YAZILI ÇEVİRİDE İNCE TEKNİK DETAYLAR
Dünya ticaretinin küreselleşmesi sayesinde ülkeler arasında iletişim sınırları kalkmış ve ülkelerin birbirlerini anlayabilmeleri için tercüme işlemleri giderek önemini arttırmıştır. Önceleri bu işlemler basit bir şekilde iletişim kurmak amacıyla yapılırken zamanla bir sektör haline gelmiş ve bu konu üzerine araştırmalar yapılmış, akademik çalışmalarla desteklenmiştir.
Günümüzde birçok üniversite bu alan üzerine yazılı tercüme yapabilecek insanlar yetiştirmekte ve bu teknikler üzerine çalışmalar yapmaktadır. Yapılış itibariyle doğru mesajı ve anlam kaybı yaşanmadan birkaç farklı teknikle yapılan çevirilerdir.
Bu tekniklerden en çok kullanılanı ise direk tercüme tekniğidir. Dillerin birbirlerine benzemelerinden dolayı fazla anlam kaybı olmayacağı ve farklı kökenlere sahip dillere göre daha da az olabilmektedir. Aynı kökene sahip diller için bu teknik çok uygun olmaktadır. Diğer bir teknik ise adaptasyon ya da yerelleştirme tekniğidir.

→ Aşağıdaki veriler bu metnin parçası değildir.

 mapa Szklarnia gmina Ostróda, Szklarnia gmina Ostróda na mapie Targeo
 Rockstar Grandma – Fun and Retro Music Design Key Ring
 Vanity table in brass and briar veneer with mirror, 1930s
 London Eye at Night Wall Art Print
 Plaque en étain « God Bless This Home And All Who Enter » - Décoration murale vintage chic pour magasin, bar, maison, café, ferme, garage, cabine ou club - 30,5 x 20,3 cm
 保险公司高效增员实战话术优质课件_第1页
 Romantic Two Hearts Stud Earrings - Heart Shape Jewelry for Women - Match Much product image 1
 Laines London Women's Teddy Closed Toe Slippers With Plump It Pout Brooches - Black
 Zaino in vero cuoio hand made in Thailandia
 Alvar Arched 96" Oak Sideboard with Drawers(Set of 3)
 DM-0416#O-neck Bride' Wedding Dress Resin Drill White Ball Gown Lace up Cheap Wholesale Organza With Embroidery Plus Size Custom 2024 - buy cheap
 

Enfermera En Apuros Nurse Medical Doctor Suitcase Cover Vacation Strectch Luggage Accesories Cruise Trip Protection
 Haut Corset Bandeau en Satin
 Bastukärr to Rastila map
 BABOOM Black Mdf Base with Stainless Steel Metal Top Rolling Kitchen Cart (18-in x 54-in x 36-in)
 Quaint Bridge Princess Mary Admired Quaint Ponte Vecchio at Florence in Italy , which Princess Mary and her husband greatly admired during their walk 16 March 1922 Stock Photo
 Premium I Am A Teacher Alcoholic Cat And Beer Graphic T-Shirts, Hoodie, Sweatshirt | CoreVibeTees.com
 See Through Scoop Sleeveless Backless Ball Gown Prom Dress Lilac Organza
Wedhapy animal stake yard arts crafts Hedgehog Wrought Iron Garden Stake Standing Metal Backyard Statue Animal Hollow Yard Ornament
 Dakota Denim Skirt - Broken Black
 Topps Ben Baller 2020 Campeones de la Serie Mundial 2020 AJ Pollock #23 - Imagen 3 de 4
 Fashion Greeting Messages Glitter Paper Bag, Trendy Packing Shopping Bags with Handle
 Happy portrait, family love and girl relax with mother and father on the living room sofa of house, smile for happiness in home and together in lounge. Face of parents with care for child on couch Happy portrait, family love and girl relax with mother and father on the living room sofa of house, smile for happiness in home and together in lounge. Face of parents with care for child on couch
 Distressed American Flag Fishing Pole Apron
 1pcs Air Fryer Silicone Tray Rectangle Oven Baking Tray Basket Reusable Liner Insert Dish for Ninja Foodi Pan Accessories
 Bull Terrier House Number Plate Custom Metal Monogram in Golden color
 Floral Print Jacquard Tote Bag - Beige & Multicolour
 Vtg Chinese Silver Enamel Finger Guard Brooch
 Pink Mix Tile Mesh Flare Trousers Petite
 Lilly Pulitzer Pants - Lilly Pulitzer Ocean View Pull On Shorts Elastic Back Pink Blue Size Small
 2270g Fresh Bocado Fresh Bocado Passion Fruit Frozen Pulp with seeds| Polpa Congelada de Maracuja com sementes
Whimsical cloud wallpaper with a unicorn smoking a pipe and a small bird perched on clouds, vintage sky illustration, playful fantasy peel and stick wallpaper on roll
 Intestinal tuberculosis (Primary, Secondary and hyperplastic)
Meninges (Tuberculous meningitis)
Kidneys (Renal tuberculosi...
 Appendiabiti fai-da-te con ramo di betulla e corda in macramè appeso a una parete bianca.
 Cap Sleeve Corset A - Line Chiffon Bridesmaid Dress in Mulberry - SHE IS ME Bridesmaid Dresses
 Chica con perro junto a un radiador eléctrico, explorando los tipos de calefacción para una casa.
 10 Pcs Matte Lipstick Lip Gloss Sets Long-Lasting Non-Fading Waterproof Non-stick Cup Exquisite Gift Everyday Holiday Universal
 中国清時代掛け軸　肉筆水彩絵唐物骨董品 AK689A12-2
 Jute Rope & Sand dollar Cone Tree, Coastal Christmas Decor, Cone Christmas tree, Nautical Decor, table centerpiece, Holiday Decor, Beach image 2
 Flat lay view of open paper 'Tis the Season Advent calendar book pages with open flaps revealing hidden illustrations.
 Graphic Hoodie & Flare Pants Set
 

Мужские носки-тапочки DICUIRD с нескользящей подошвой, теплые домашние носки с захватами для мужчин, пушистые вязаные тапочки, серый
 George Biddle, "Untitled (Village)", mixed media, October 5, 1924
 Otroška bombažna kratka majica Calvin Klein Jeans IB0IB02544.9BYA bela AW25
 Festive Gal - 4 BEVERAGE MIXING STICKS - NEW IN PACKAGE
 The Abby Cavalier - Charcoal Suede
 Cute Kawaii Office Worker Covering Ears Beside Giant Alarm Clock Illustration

Bu teknikte kaynak dil ile çevirisi yapılacak dil arasında köken bakımından hiçbir benzerlik ya da kültürler arasında hiçbir uyuşmazlık olmadığı durumlarda kullanılmaktadır. Bu durumlara en iyi örnek atasözlerinin başka dillerde anlamlarının çok farklı olmasıdır. Türk kültürüne ait olan bir atasözünü başka dile direk olarak çevirmek hiç bir anlam kazandırmamaktadır. Çünkü yüzde yüze varan anlam kayıpları meydana gelmektedir. Bu durumlarda yapılması gereken direk çeviri değil de diğer dilde o atasözünün karşılığı olan kelimeleri araştırıp hemen hemen eş değer kelimeler bulmak ardından da çevirisini yapmak daha iyi olacaktır.